Die Satzung einer gGmbH kann jederzeit durch Beschluss der Gesellschafter geändert werden. Hierfür können zwar in der Satzung bestimmte qualifizierte Mehrheiten bestimmt werden. Wenn sich sämtliche Gesellschafter einig sind, lassen sich Satzungsänderungen bei GmbHs derzeit aber nicht ausschließen. In diesem Fall kann sogar der Unternehmenszweck der gGmbH – vorbehaltlich gemeinnützigkeitsrechtlicher Schranken – geändert werden. Dadurch kann die Governance der gGmbH jederzeit an Änderungen der Verhältnisse angepasst werden. Das kann vorteilhaft sein, um die Effektivität des geplanten Engagements sicherzustellen. Allerdings lässt sich die Struktur der gGmbH dadurch nicht für immer festlegen. Der Zuwender ist somit darauf angewiesen, dass seine Nachfolger seine Vorstellung vom Engagement der gGmbH teilen.

 

Eine Kombination der Festigkeit der Stiftungsverfassung mit der Flexibilität der gGmbH Governance ist jedoch möglich. Hierfür wird beispielsweise eine Familienstiftung an einer gGmbH beteiligt. Hierbei wird festgelegt, dass die Familienstiftung Satzungsänderungen der gGmbH nur zustimmen darf, wenn sie dem Stifterwillen entsprechen. Dadurch können die starren gesetzlichen Vorgaben zu Satzungsänderungen bei Stiftungen umgangen werden. Weil gleichzeitig die Stiftungsorgane an den Stifterwillen gebunden sind, wird aber sichergestellt, dass die Satzung der gGmbH nicht willkürlich geändert wird, sondern nur nach den Vorgaben des Stifters.

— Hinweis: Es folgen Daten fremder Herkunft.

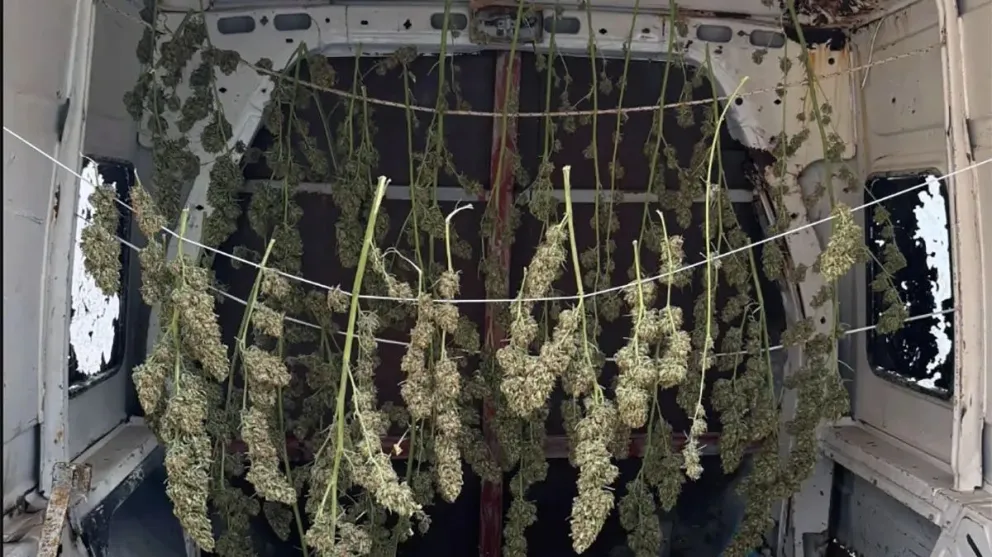 Un nuevo llamado al 0800 Drogas terminó con un exitoso operativo.
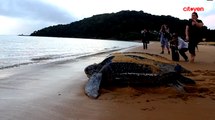 Webdoc Guyane - Les tortues luttent pour leur survie
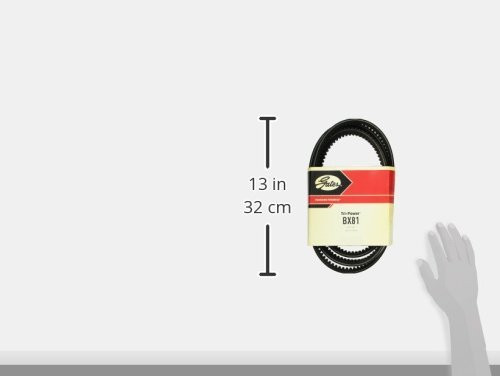 Gates BX81 Tri-Power® Belts (Molded Notch)
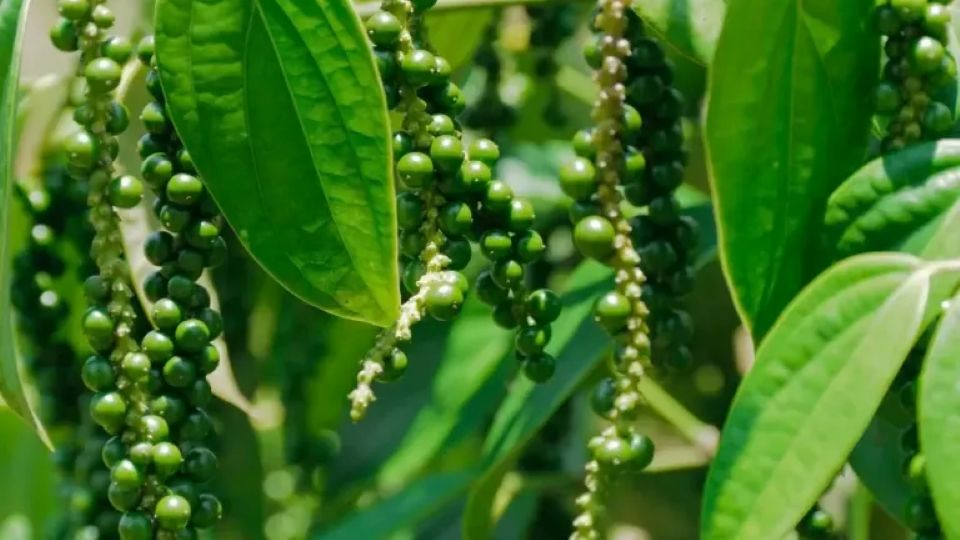 Giá nông sản ngày 25/1/2026: Cà phê bật tăng mạnh, hồ tiêu neo ở mốc cao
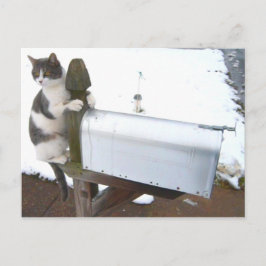 Yawning Tired Kitty Cat Cute Fun Briefkaart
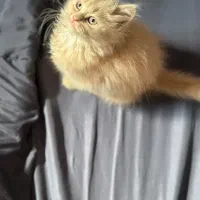 حیوون خونگی|گربه|دزفول, |دیوار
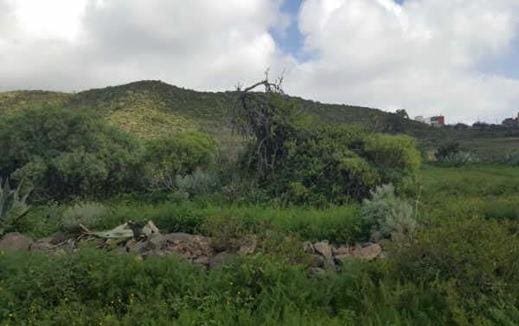 Undeveloped Land for sale in San Cristóbal de La Laguna - € 80,000 (Ref: 7442914)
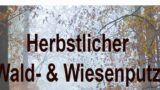 Herbstlicher Wald- und Wiesenputz in Nußloch – Gemeinsam für eine saubere Umwelt!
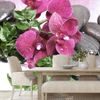Öntapadó fotótapéta lávakövek orchideával
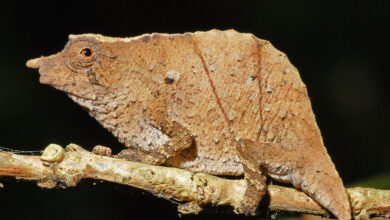 8 Spesies Hewan Baru yang Ditemukan: Dari Reptil hingga Amfibi Menarik!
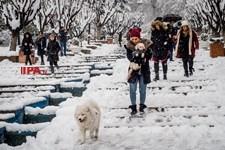   بارش برف زمستانی در تهران 2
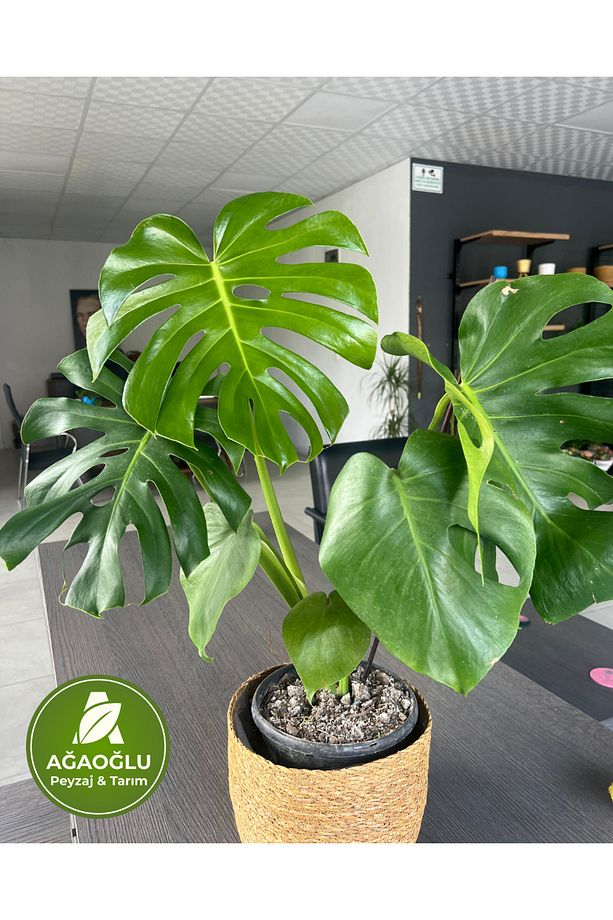 Monstera Deliciosa (Deve Tabanı) – Büyük Yapraklı Tropikal Salon Bitkisi - 4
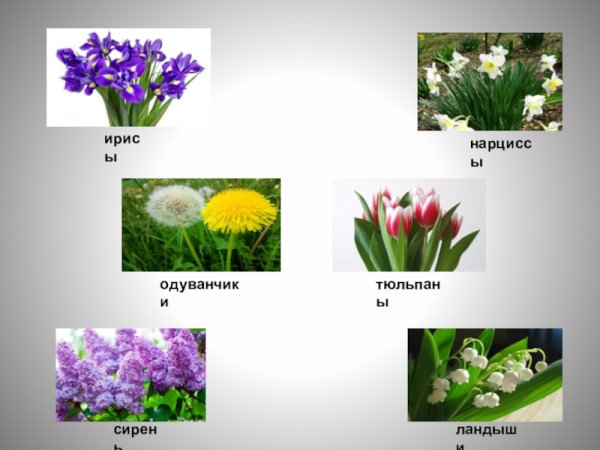 Карточки цветы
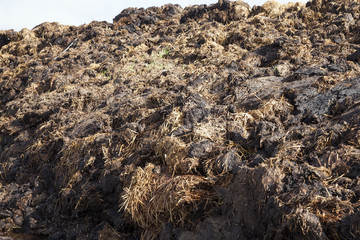 are landed in a pile of manure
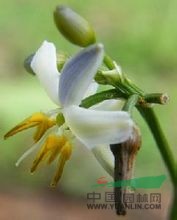山菅 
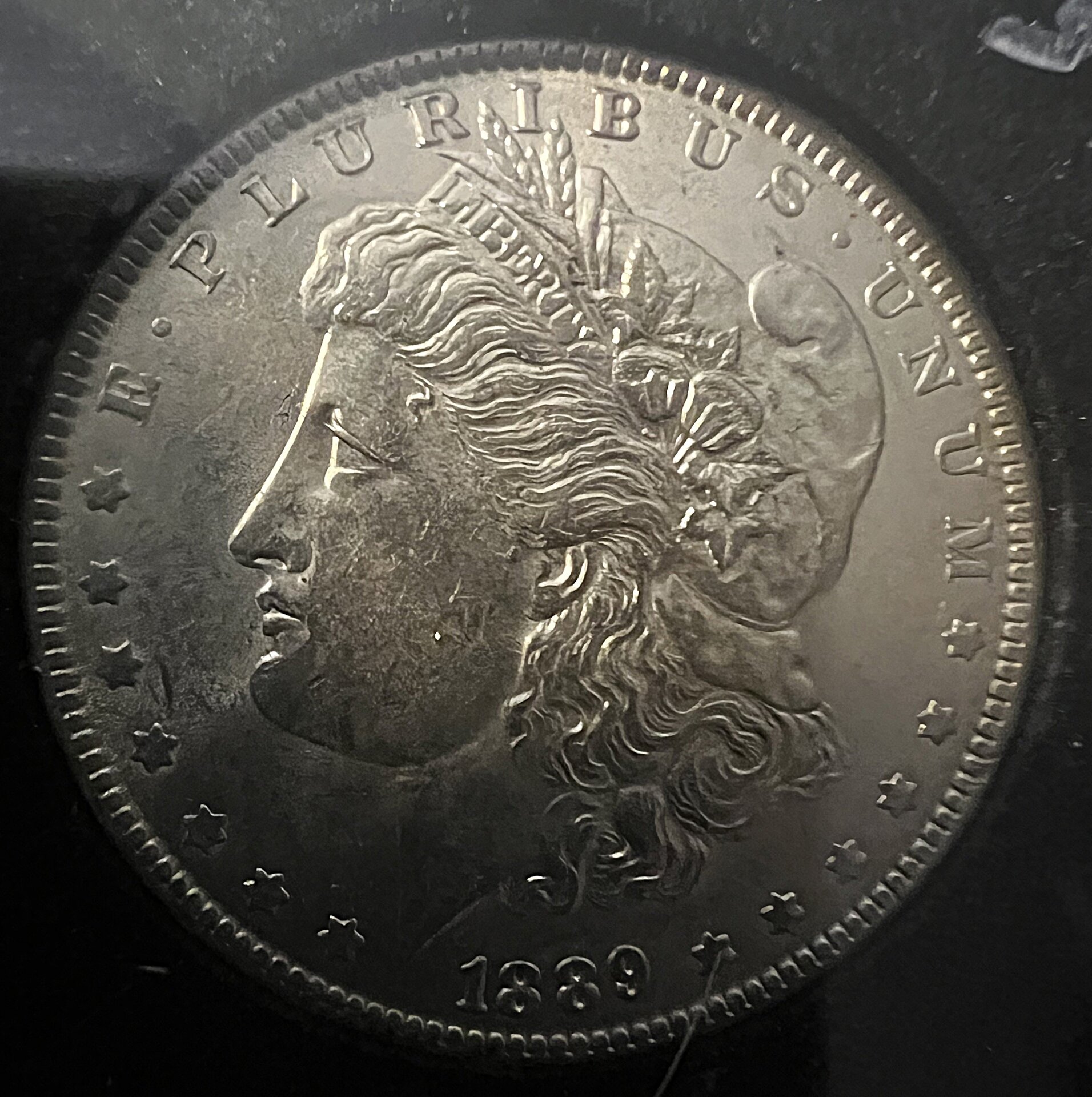 Morgan `1889 P Obverse.jpg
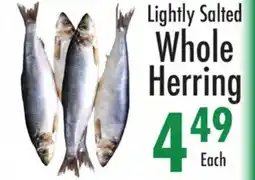 Garden Fresh Market Lightly Salted Whole Herring offer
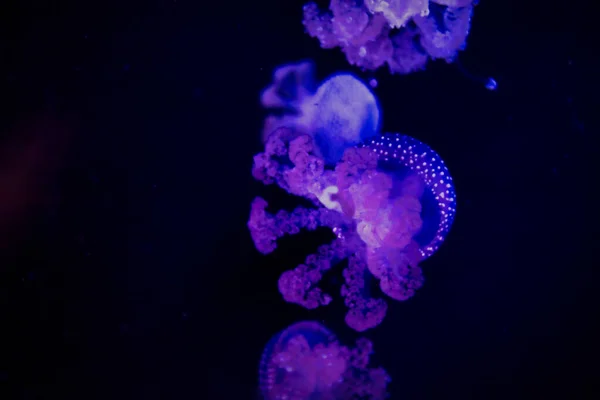 Medusas Brilhantes Azuis Roxas Brilhando Água Escura Tanque Aquário Nacional — Fotografia de Stock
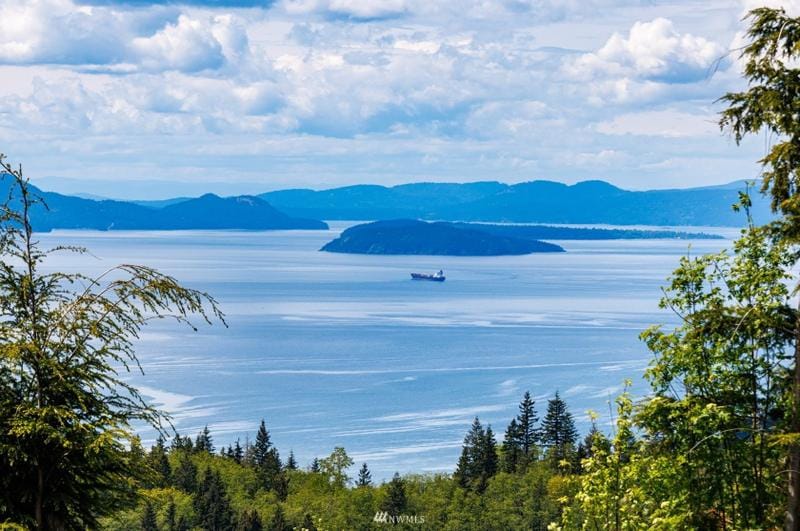 3120 Blanchard Knob Trl, Bow, WA 98232 - MLS 1944166 for Sale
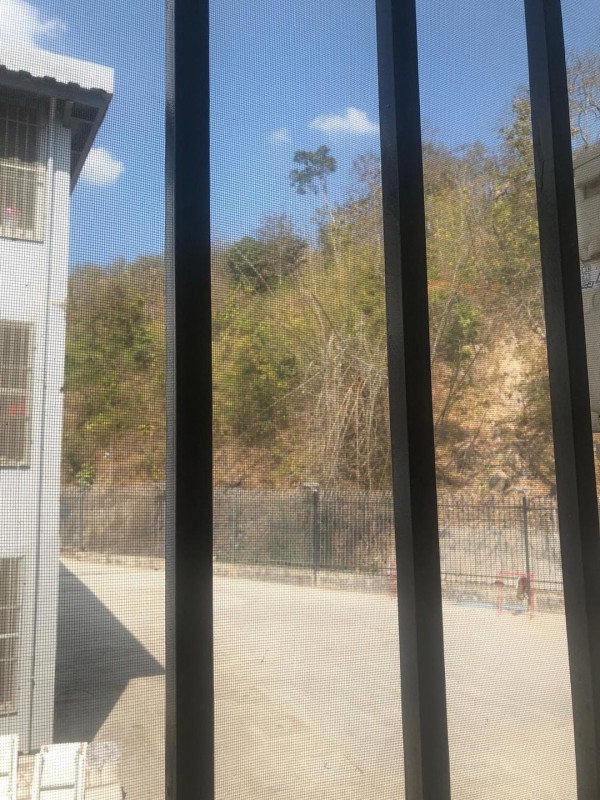 緬甸KK園區2.0「青松園區」曝光！雙重鐵網囚人質 港人遊泰緬小心人身安全 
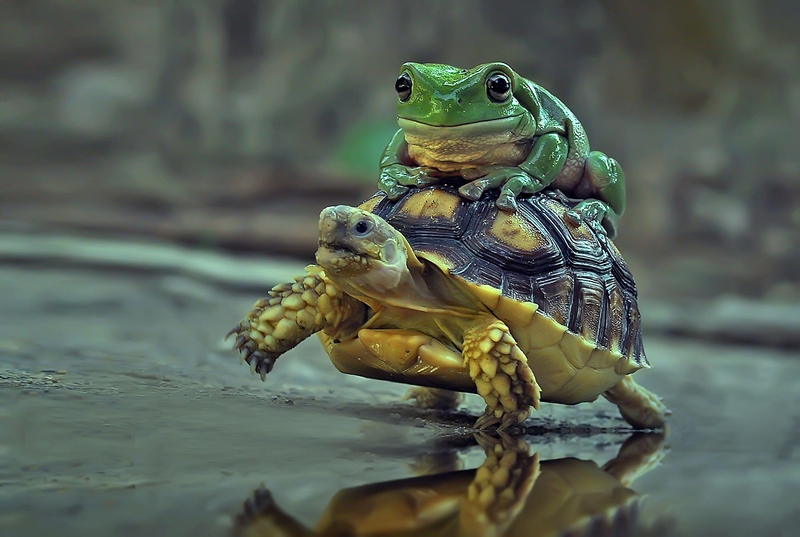 An Australian Green Tree Frog Piggy Backs Atop an African Spurred Tortoise | Alamy Stock Photo by Media Drum World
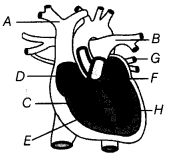Class 7 Science Chapter 7 Question Answers - Transportation in Animals and Plants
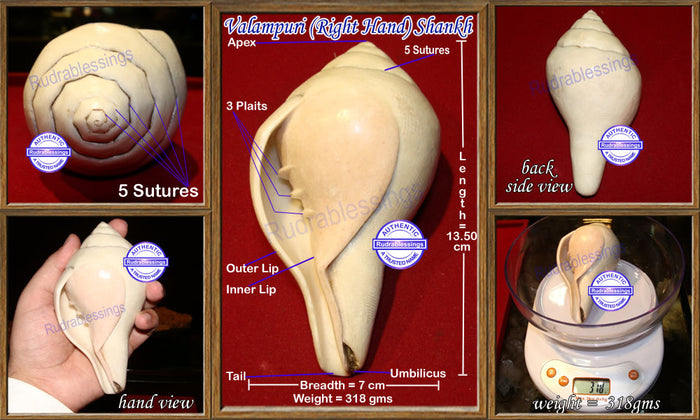 Valampuri Shankh - 318 gms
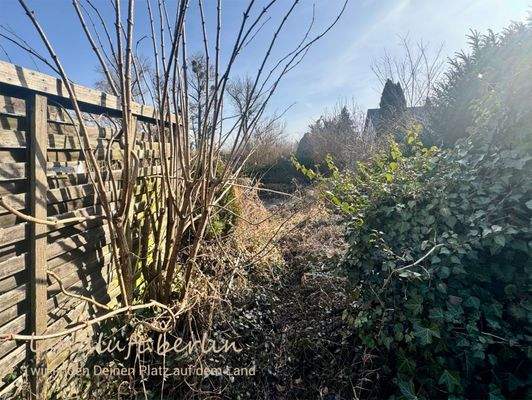 Gartenland, Holunder und Efeu, Blick nach Süden.j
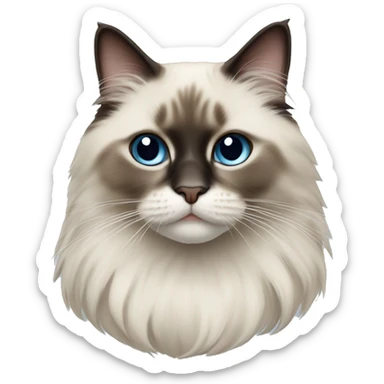 A ragdoll cat  sticker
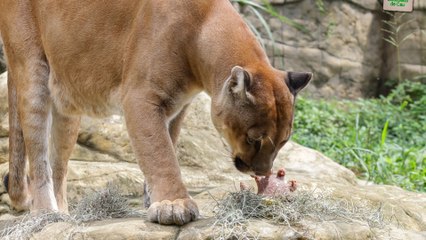 Zoológico de Cali respondió por la muerte de Orus, puma que se había escapado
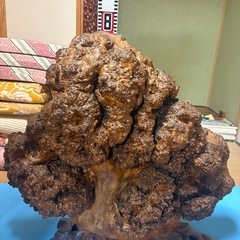 木のコブの画像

Risiko einer „feindlichen Übernahme“: Was beim Verein zu beachten ist

Diese Gestaltung bietet sich jedoch nicht in allen Fällen philanthropischen Engagements an, da sie vergleichsweise komplex und auch mit gewissen Nachteilen verbunden ist. So ist zum Beispiel ein höherer Kapitaleinsatz erforderlich, um die Familienstifung zu errichten, da diese in der Lage sein muss, ihren Stiftungszweck nachhaltig zu erfüllen, auch wenn sie keine Ausschüttungen aus der gGmbH erhält. Sie sollte daher gut durchdacht und vorbereitet werden.

Auch beim Verein lässt sich die Satzung durch Beschluss der Mitgliederversammlung mit einer Mehrheit von drei Vierteln der abgegebenen Stimmen nachträglich anpassen. Bei Änderungen des Vereinszwecks ist aber die Zustimmung sämtlicher Mitglieder erforderlich. In beiden Fällen kann die Satzung aber Erleichterungen dieser Mehrheitserfordernisse regeln.

Beim Verein ist zudem zu beachten, dass in der Mitgliederversammlung eines Vereins typischerweise sämtliche Mitglieder gleichberechtigt sind. Mehrstimmrechte oder Vetorechte einzelner Mitglieder, sind zwar möglich. Diese sind aber nicht weit verbreitet, da ein Verein in der Regel vom Zusammenwirken seiner Mitglieder lebt. Das birgt auch das Risiko einer „feindlichen Übernahme“ von innen durch neue Mitglieder. Diese kommt in der Praxis durchaus vor und ist ohne Vorkehrungen in der Satzung nur schwer zu verhindern.